(Entries taken from a collection)
----

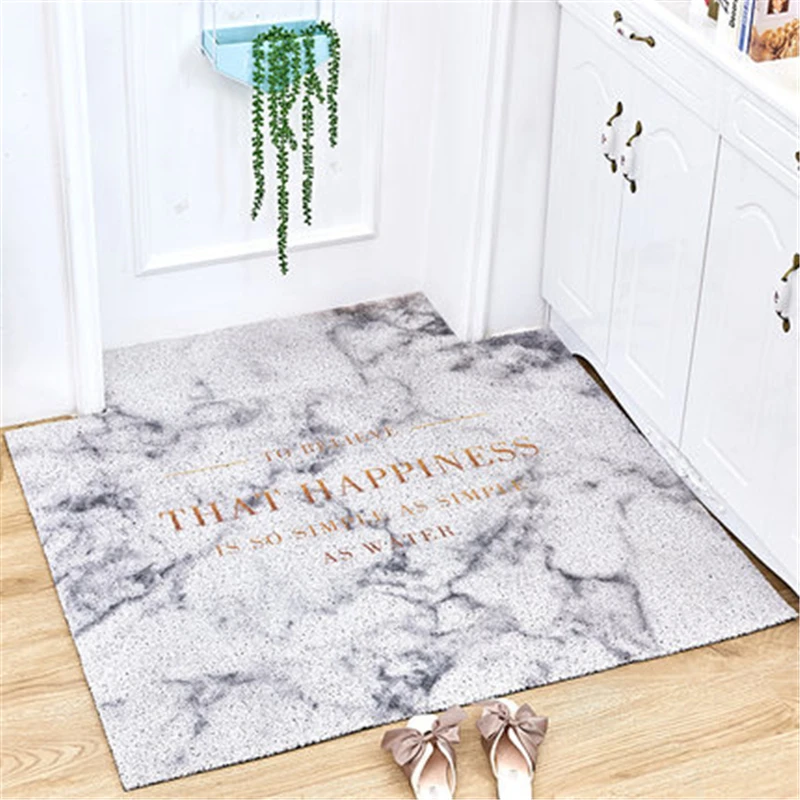 Simple and individual floor mat door mat long bar kitchen bedside household slippery floor mat Simple and individual floor mat door mat long bar kitchen bedside household slippery floor mat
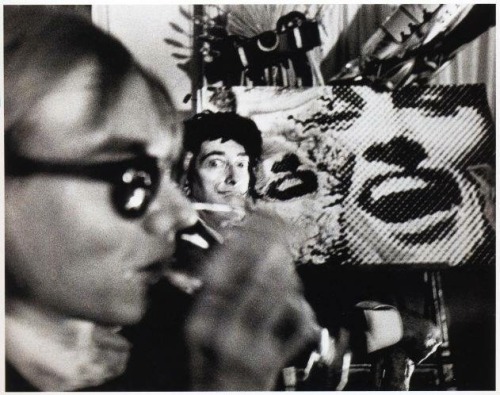 mynamescriss:  Salvador Dali and Andy Warhol 1964
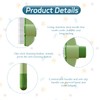 2Pcs Pet Depilatory Comb, Flea Comb with Release Button, for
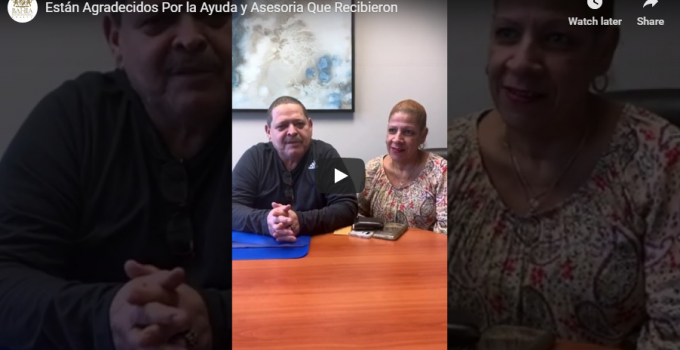 Agradecidos Por la Ayuda y Asesoria Que Recibieron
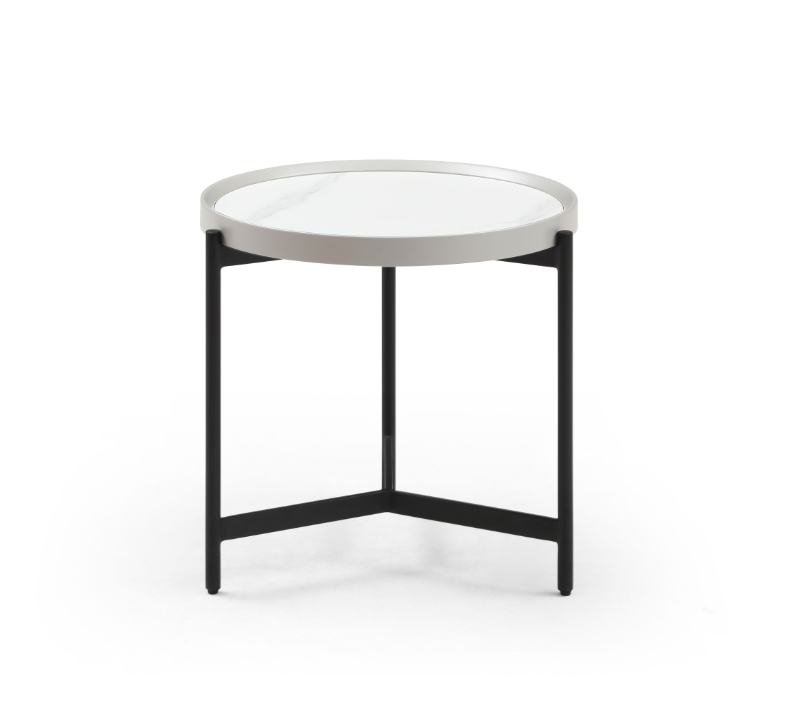 Tommy Franks Ivery Side Table - Light Grey   Nicholas John Interiors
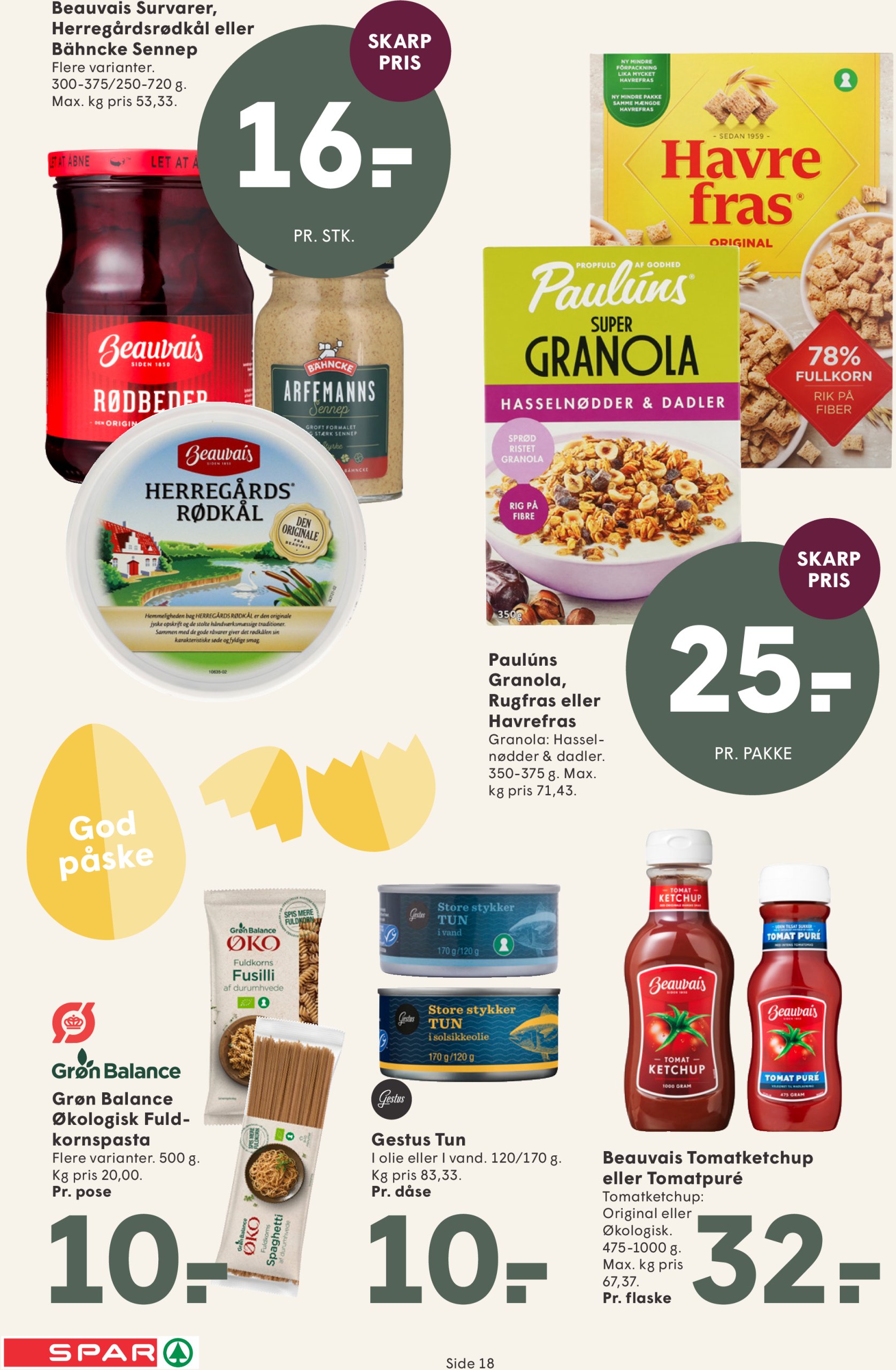 spar - Spar tilbudsavis gyldig fra 11.04. - 19.04. - page: 18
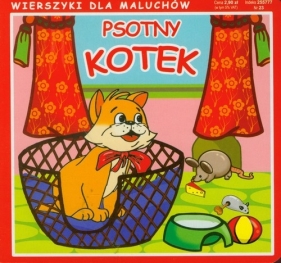 Psotny kotek Wierszyki dla maluchów - Pruchnicki Krystian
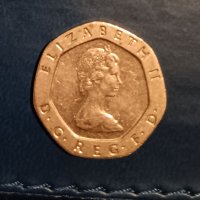 20 пенса 1982 Великобритания , снимка 1 - Нумизматика и бонистика - 42145216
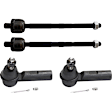 Front, Driver and Passenger Side, Inner and Outer Tie Rod End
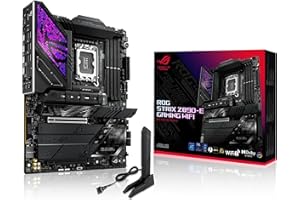 ASUS Intel ROG Strix Z890-E Gaming WiFi ATX motherboard, 18+1+2+2 power stages, DDR5 slots, PCIe 5.0 w/full support for next-gen GPUs, seven M.2 slots, WiFi 7, AI Overclocking, AI Networking II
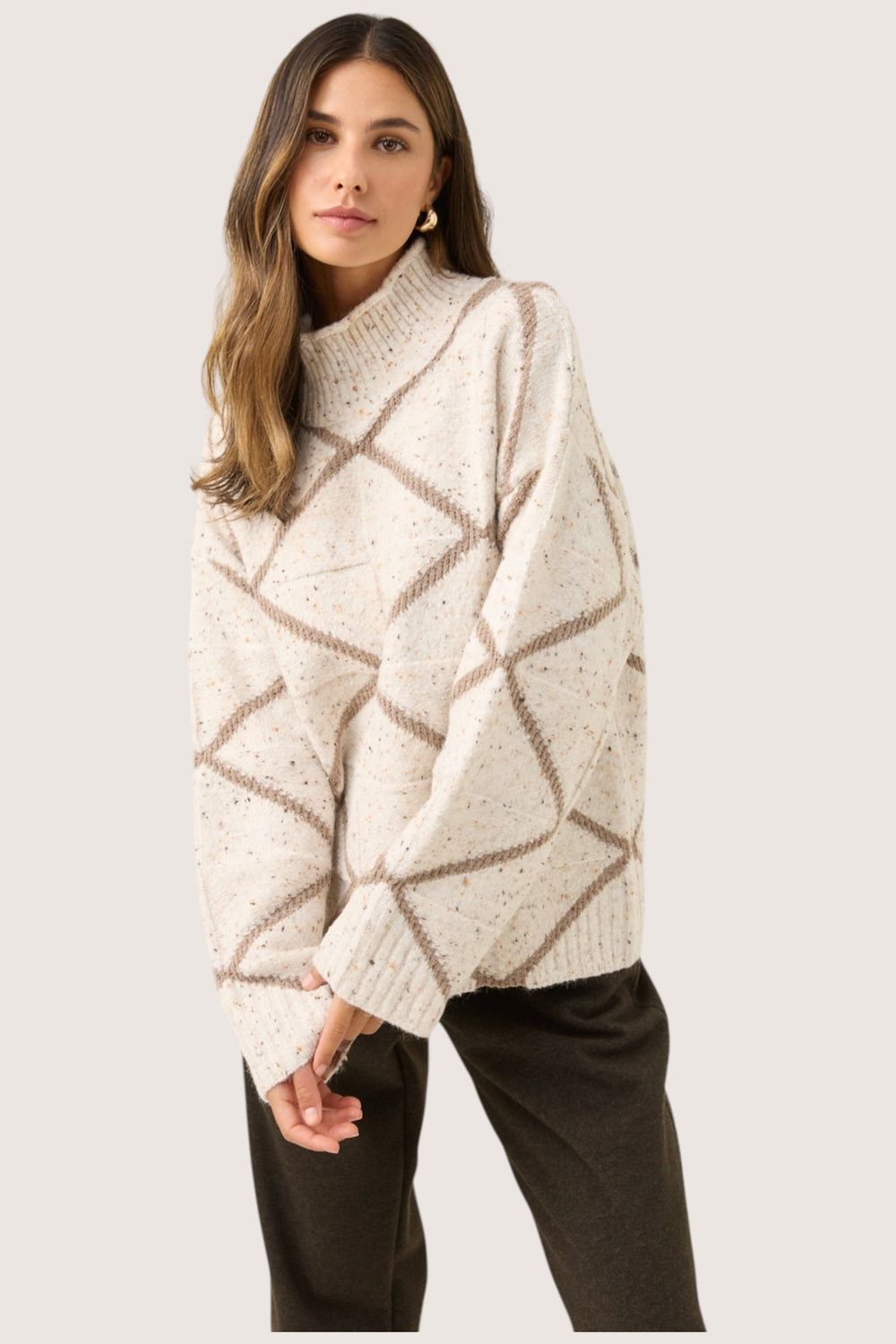 MKENNA DIAMOND JUMPER - IVORY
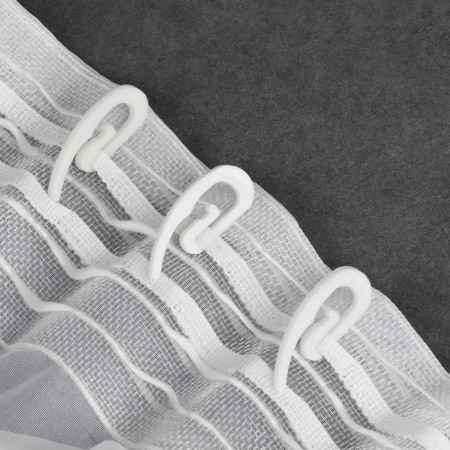 Hook for curtains "Snail", 31 × 12 × 2 mm, 10 pcs, white color-1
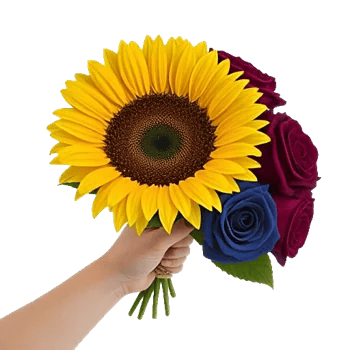 Golden Sunflower Bouquet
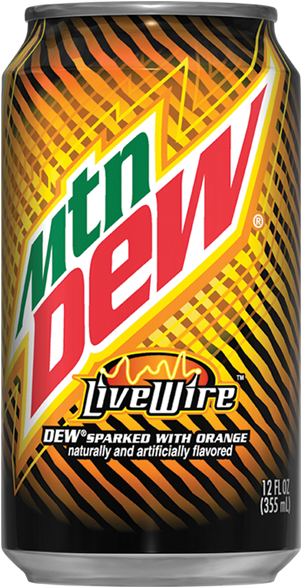 Mountain Dew Mlg Png - Mountain Dew Soda, Live Wire - 12 Fl Oz (300x700), Png Download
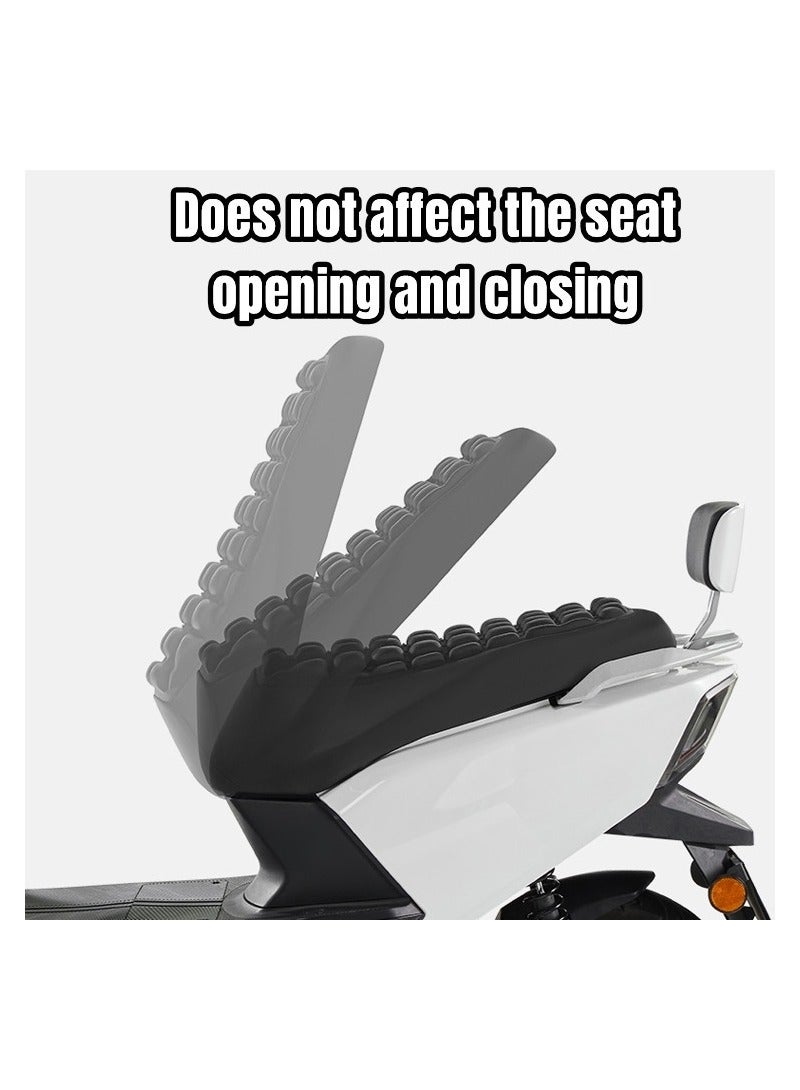 Loquat Motorcycle 3D Comfort Gel Seat Cushion Universal Air Pillow Pad Cover 58-68cm - Image 3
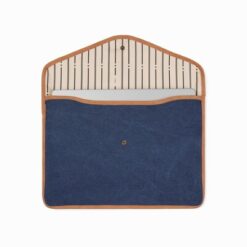 Pokrowiec na laptopa 16" VINGA Bosler z nadrukiem Twojego logo, materiał: poliester, płótno, kolor: niebieski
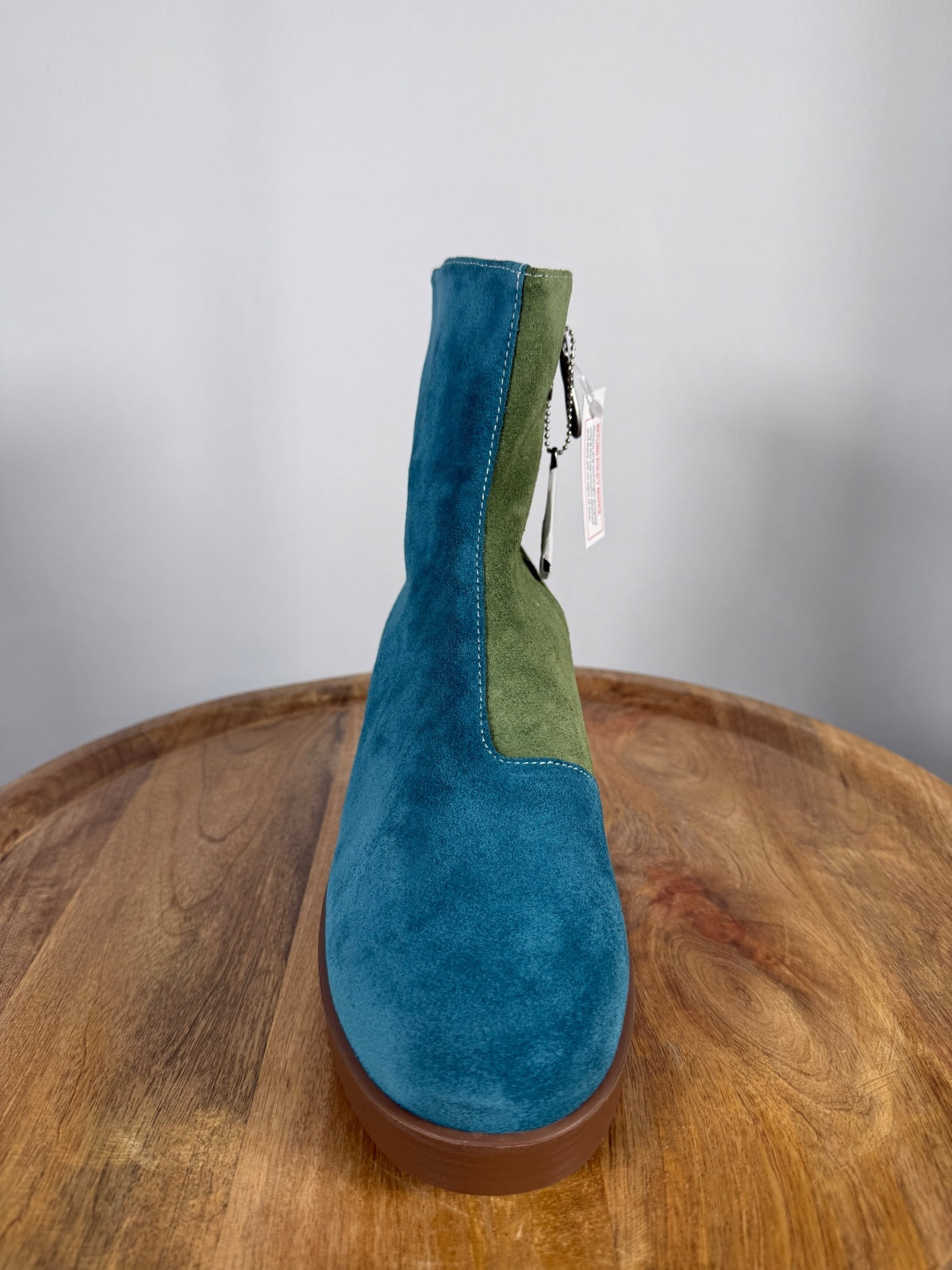 NWB Lazo Siren Labradorite Blue Verdite Green Ankle Boots Women's Size 9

----

Reproduce word for word the lines from the one containing "Golden Sunflower Bouquet" through the end of the data, both ends kept. Drop the pictures.

 Golden Sunflower Bouquet
 Mountain Dew Mlg Png - Mountain Dew Soda, Live Wire - 12 Fl Oz (300x700), Png Download
 Loquat Motorcycle 3D Comfort Gel Seat Cushion Universal Air Pillow Pad Cover 58-68cm - Image 3
 Pokrowiec na laptopa 16" VINGA Bosler z nadrukiem Twojego logo, materiał: poliester, płótno, kolor: niebieski
 NWB Lazo Siren Labradorite Blue Verdite Green Ankle Boots Women's Size 9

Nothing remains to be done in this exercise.